TNSAR was founded in 1976 in response to the death of a boy lost off the backside of Northstar ski resort during a blizzard. "We didn't do a very good job of finding him," says Doug Read, who cofounded the group with the boy's father, Larry Sevison, and others. "It became apparent that we needed to get better organized." Currently about 100 members strong, the team responds to about 30 requests for help every year, half of which turn out to be false alarms. Ninety percent of its searches are within a 50- mile radius of its Tahoe City base.
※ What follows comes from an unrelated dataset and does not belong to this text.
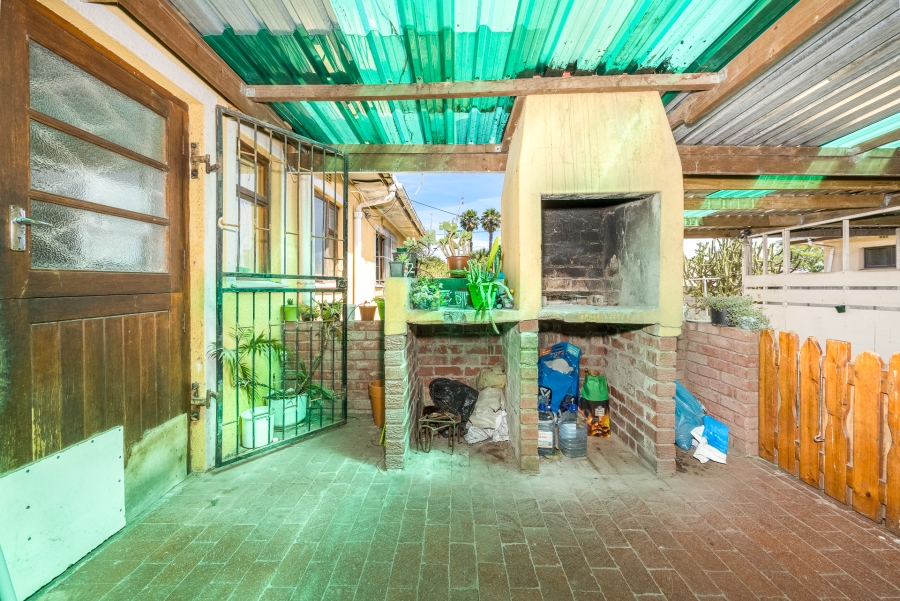 3 Bedroom Property for Sale in Rustdal Western Cape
Representing a wide range of ages and professions, Search and Rescue volunteers are the angels of the outdoors, willing to trudge out in winter's worst weather on skis, snowshoes, snowmobiles or snowcats, to save those lost or injured. In addition to rock solid skills on backcountry ski gear, they're well versed in search management, first aid, radio procedures, map and compass and GPS navigation, avalanche beacons, wilderness survival, helicopter safety and snowmobile operations. They train year-round to familiarize themselves with every nook and cranny of terrain they'll need to cover quickly and, at night in a snowstorm, practically blind. They keep a 25-pound pack ready at work or home should their pagers go off.

Why do these people willingly put themselves in harm's way year after year? "The look on someone's face is an expression that is totally rewarding," says Remineh, a TNSAR member for 25 years. "To be the first human to someone who thought they'd die is amazing. I'm hooked."

"We get to do amazing things that most people don't," says Keely Rogers, Nordic/winter assistant team leader of El Dorado County Search and Rescue, based in South Lake Tahoe.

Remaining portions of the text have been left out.